Although in all the struggle and all the time I'm spending on this project -- like the last 6 hours I've been making and cleaning documents despite all my schoolwork -- I believe I'm doing this for a good cause, and I also believe it is good practice and experience. I don't see any way I'm walking out of this and saying "wow that was a waste of time". Even if my plans don't work or they get ignored at least I was able to make them and learn from them and in the end if they were truly useful if another person, like me, shows up one day he or she can pick up theses documents and make robotics better.

Sunday, October 2, 2016

Preliminary Action

Robotics Club Flyers Made and Photographed by Michael Leonffu

Recruitment

James M is in charge of recruitment; but that doesn't mean I can't help him out. So I made some paper posters to put in classrooms and around campus, not quite sure if they worked. Either ways there is club rush this Wednesday and I'm hoping to distribute these around during that time. I just got on terminal, an application on mac, and made these flyers to show to James and he picked the one he liked the most.

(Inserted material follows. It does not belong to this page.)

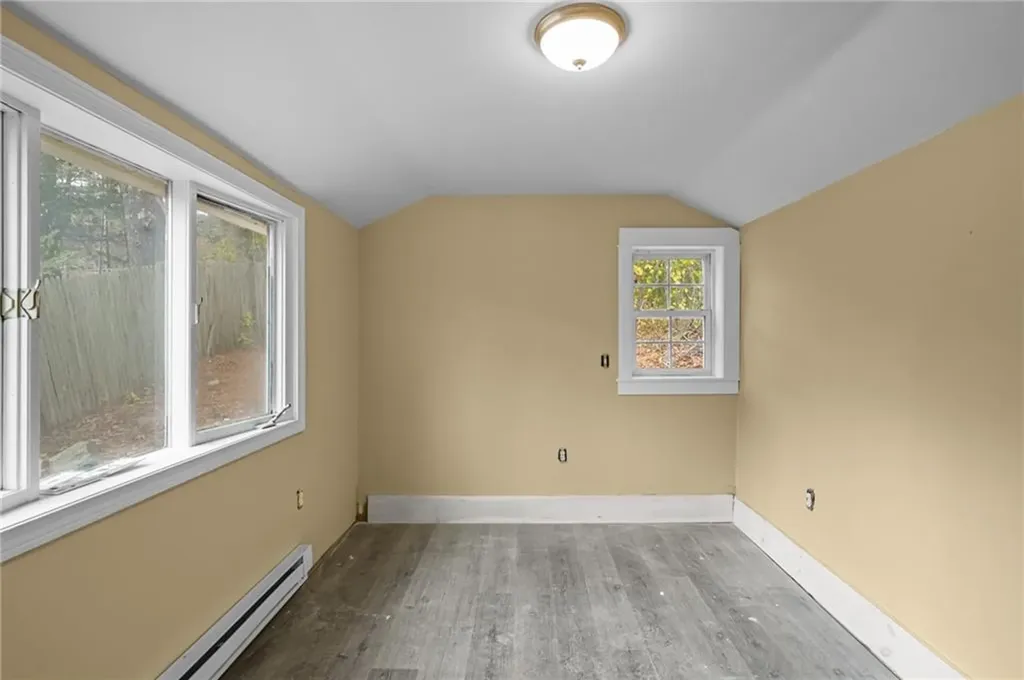 51 Knotty Oak Shore Coventry RI 02816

And it's not like I'm just doing whatever and remembering and moving on. I didn't just make a flyer and give it to James and hang them up. I'm learning form this. I record all my actions and put in into a project file; the purpose of this is so that we can avoid mistakes and review and learn what happened years after. 

Story

Friday meeting, Teaching Rookies how to Build a Robot
photo by Michael Leonffu
I've encountered several problems, nothing went according to plan. The idea was: talk to James; make a flyer and give it to James for approval; post flyer. What really happened: talk to James and learn he doesn't know what or how to do flyer; ask people that do know what to put on flyer; try to meet up with James to design flyer; learn some news about robotics and ask again about what to put on flyer; actually make flyer concept (picture above); present it to James and get his approval; make more copies; distribute flyers; learn that those flyers are wrong; remake flyers; reprint; and repost again.

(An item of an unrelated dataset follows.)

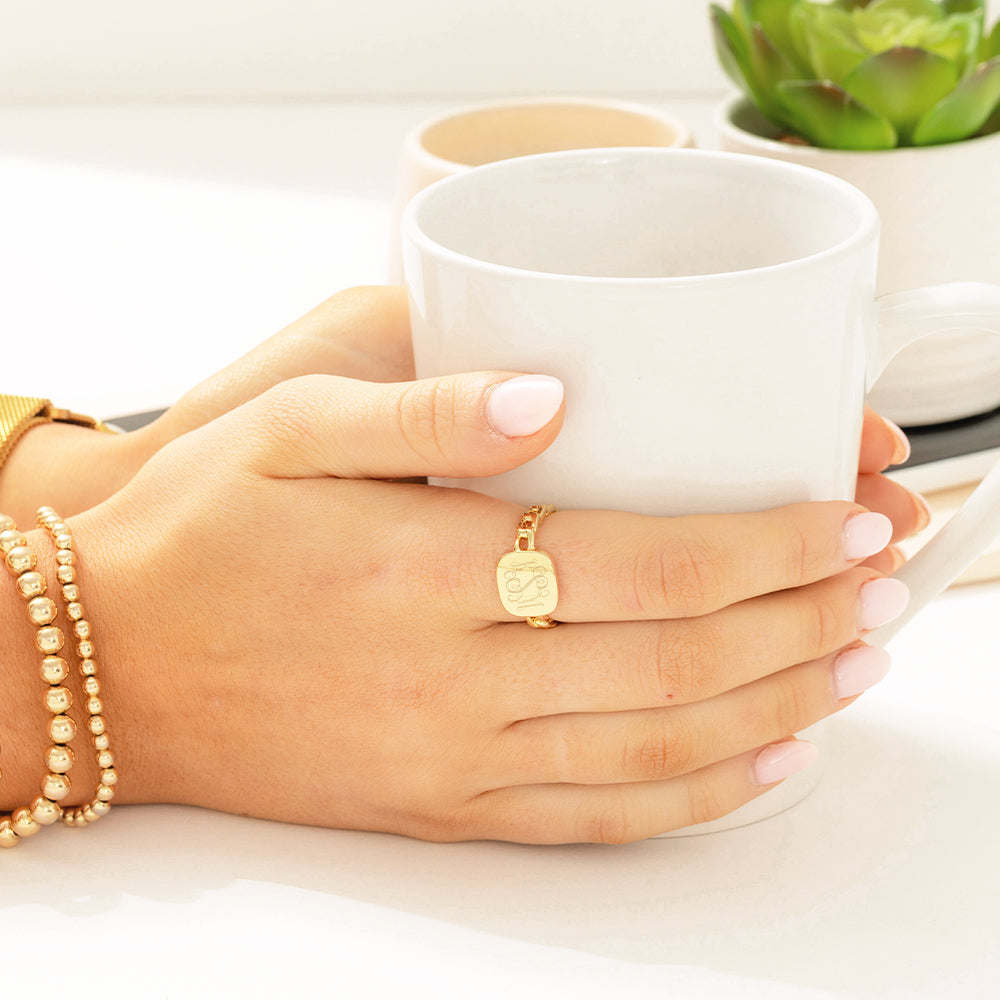 gold chain link ring with coffee cup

The point is if there was communication or documentation I could have just red a document with all the resources I needed rather than go and find people; this recruitment should have taken only 3-4 days but it took 1-2 weeks. Imagine all the people that could have seen the poster sooner and have joined robotics. Problems like these is what I intend to solve and fix with the board.

Communication

Danylo D waiting outside until 3:00PM
photo by Michael Leonffu
Ironically it seems all our problems are just communication. For instance Thursday all robotics members get an email that the meeting on Friday has been moved to 3:00PM to 4:30PM then an email is sent from there saying that the meeting is 2:30PM to 4:00PM; and once we're in the meeting we pack at 4:00PM and are told it ends at 4:30PM. 

We took out our laptops and worked on robotics stuff while waited. 

Solution?

The board. Imagine if we all were working together and not separately. Or if we all used a standard method of organization for coherence and transparency. So Danylo, the other advocator for the board, and I set up a meeting for Monday. No one but Ryan N, that is also a supporter of the board, showed up; for any board meeting there needs to be enough people to make decisions officially so we just stayed there and talked about robotics. Though since no one else showed up we wasted our time.

The Meeting Agenda; Format from Mr.Fieberg
by Michael Leonffu
When I think back I notice three big problems: we didn't tell everyone about the meeting soon enough ; the meeting purpose was unclear; and the board idea has a bad rap to it even if it already exists. Some good things about the meeting: it was at a public library not at a house; we had a set time and day; an agenda was sent out; and some people showed up; ALSO THERE WAS A WHITE BOARD! I plan to make send out the meeting agenda and meeting announcement a lot sooner for next time like a day or two in advance. There is a lot to talk about and this meeting is very important I felt very sad that the other members of the board, meaning people who are extremely passionate and want to make robotics better, could not attend.

I still believe I can make the board happen.